Friend: If you could have dinner with anyone alive or dead, who would you choose?
Me: Definitely an alive person
Friend:
Me: Better conversation
God: you’re a mosquito.
Mosquito: what does that mean?
God: you feed on blood.
Mosquito: i’m a vampire?
God: no.
Mosquito: oh.
God: you can fly.
Mosquito: i’m a vampire!
God: no.
Mosquito: oh.
God: garlic repels you.
Mosquito: [happy gasp] i’m an itty-bitty vampire!
[2 monkeys in a bath]
Monkey 1: OOOHH OOHH AHH AHHH AHAH!!
Monkey 2: If it’s too hot Colin, put some cold water in
Website: you must be of legal age to view this content. What year were you born?
Me at age 11 (playing it safe): 1753
I see a cute girl on the bus. I unzip my hoodie to reveal a t-shirt that says, “I love holy matrimony”. She pats on the open seat beside her.
woke up to a text from my mom about how a wild elephant went into a Sri Lankan hotel and gently wandered around while poking stuff with his trunk
“jogging gives me endorphins”
so does shoplifting. jogging does not give you free mascara.
30 is weird because I have pictures of my friends’ kids on my camera roll but also like a ton of nudes.
My 3-year-old said she wants her first car to be a garbage truck.

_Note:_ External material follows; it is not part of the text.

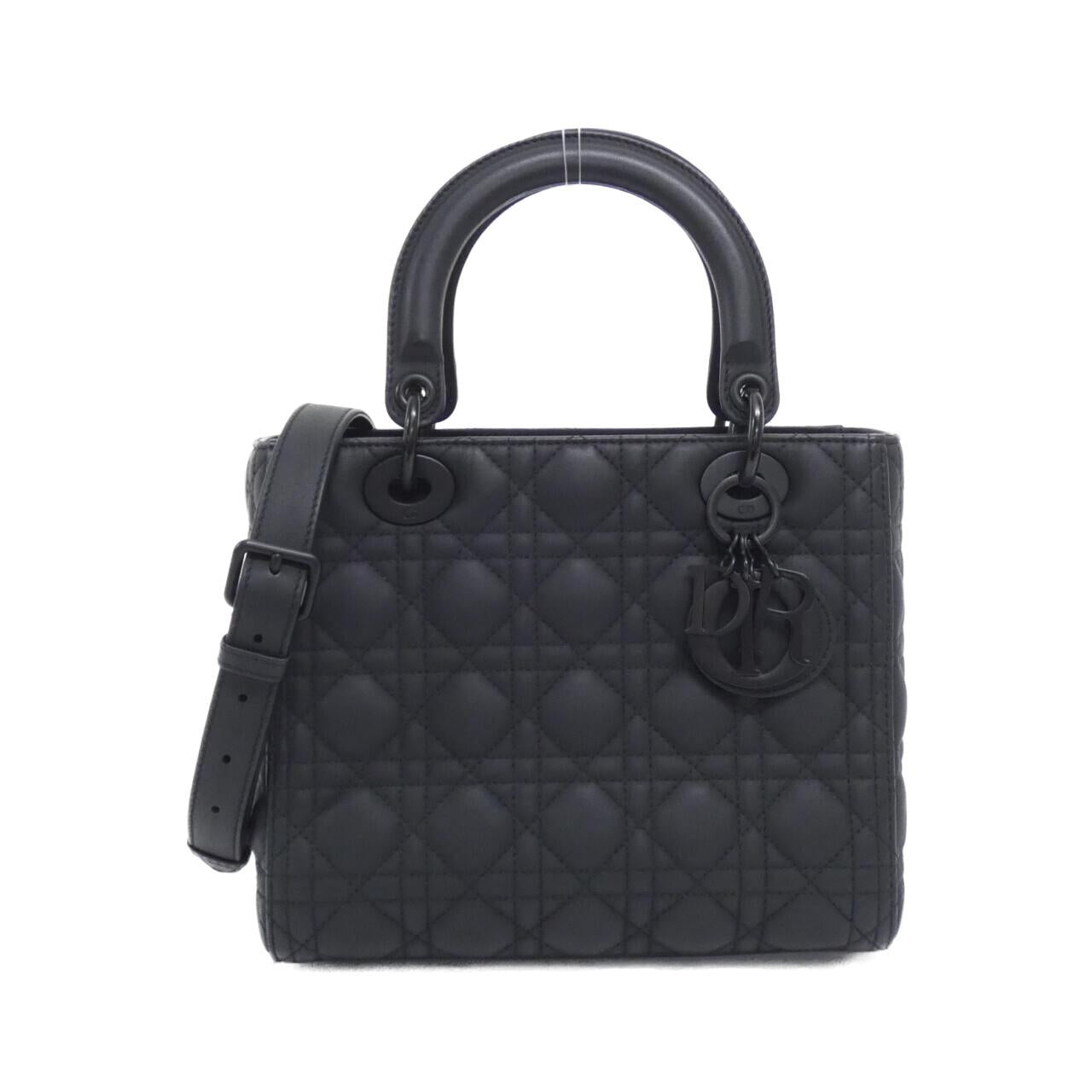 Dior Lady Ultra Matte Calfskin Bag Travel Bag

She’ll forget about it, but I’m still getting her one when she turns 16.
I slipped on ice and discovered I’m a natural at break dancing
Next time someone asks you how you slept,
close your eyes & say “like this” & just stay that way for like 8 hours!!!
Friend gave me a ‘stress’ ball to squeeze when I’m tense. Did what I always do when nervous, I ate it.

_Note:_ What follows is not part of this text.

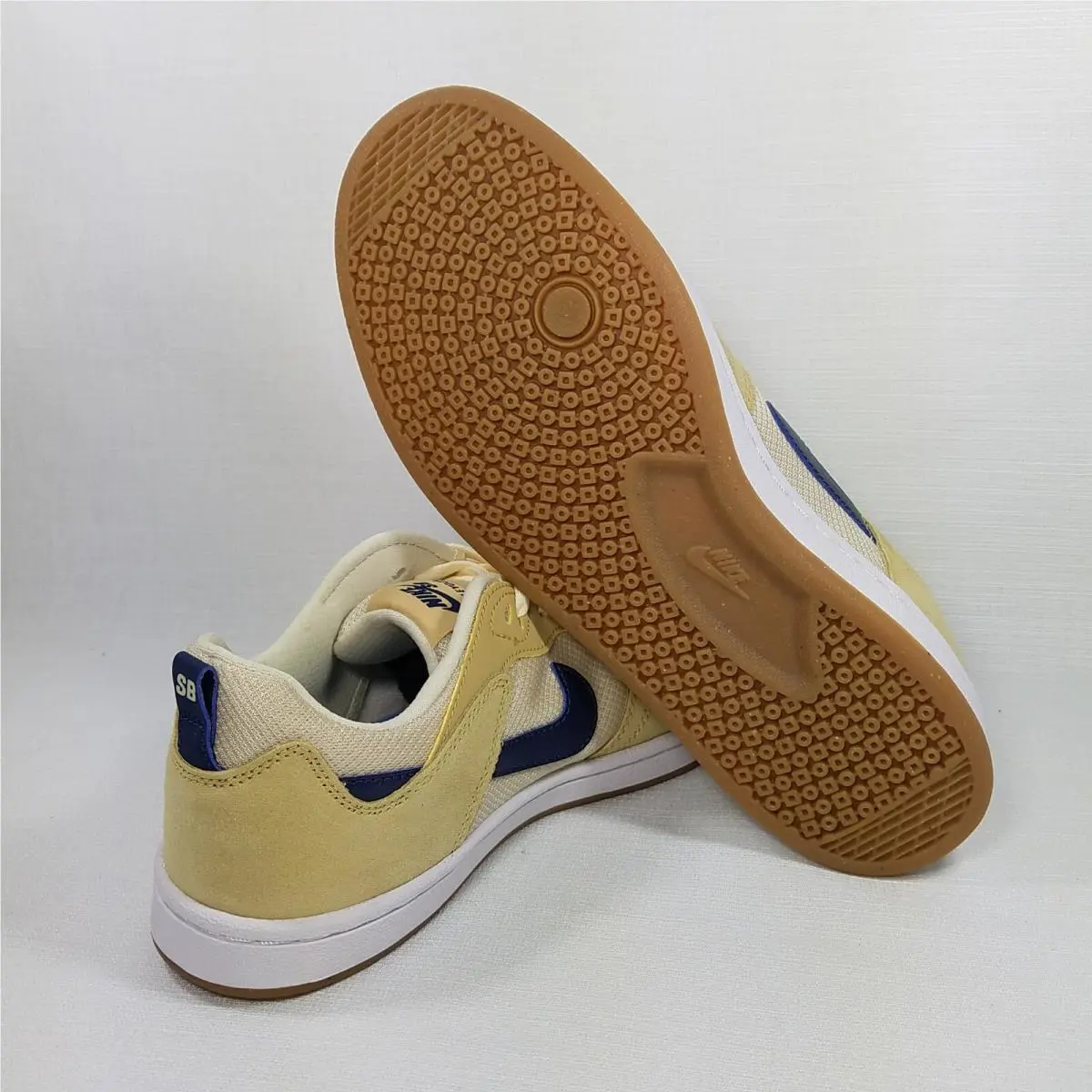 Nike shoes - Nike SB Alleyoop - Alleyoop - CJ0882-700 - Gold 4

ruin Thanksgiving for everyone with a detailed description of how you prepared the turkey
cop: you were driving 30 mph under the speed limit
me: my in-laws are staying with us for a while, longer the commute the better
cop: you need to maintain the speed limit
me: *knocks book out of cops hands*
cop: are you trying to get arrested
me: yes please
I think I just invented four new yoga poses trying to get a chocolate chip that I dropped under the table.

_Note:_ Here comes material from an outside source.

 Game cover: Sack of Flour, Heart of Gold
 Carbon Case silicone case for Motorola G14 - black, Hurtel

My girlfriend started complaining about my lack of interest in her family. So I dated her sister..
Heath: I’m Heath
Heather: I’m Heather
Me, competitive: I’m Heathest
[stubs toe]
“GOD DAMMIT”
God: No problem, bro.
[toe goes to Hell]
Me: Want a back rub?
Wife: It depends
Me: On what?
Wife: Have you been watching pimple popping videos again?
Me:
Wife: No. The answer is no.
Had a dream Andrew Garfield & I were being chased & he started rubbing sand on my arm & I was like, “why?” And he was all, “it’ll help mate” but he was only rubbing one arm & then I woke up to my cat aggressively licking that arm cause he was hungry
I can’t be the only one 😂
5: I want to do something no one else has ever done.
Me: Help me clean?
5: No. Something fun.
My mom has been having trouble with her joints – it’s hard to roll them with the arthritis
If the band Toto, drummer Tommy Lee & singer Marvin Gaye ever got together and made an album…
…I’m pretty it would be Toto Lee Gaye.
I would organize my thoughts but I’m afraid they would form a union and demand benefits.
The way to a man’s heart is thru his stomach. At least that’s what the crazy woman with the butcher knife kept saying at the murder scene.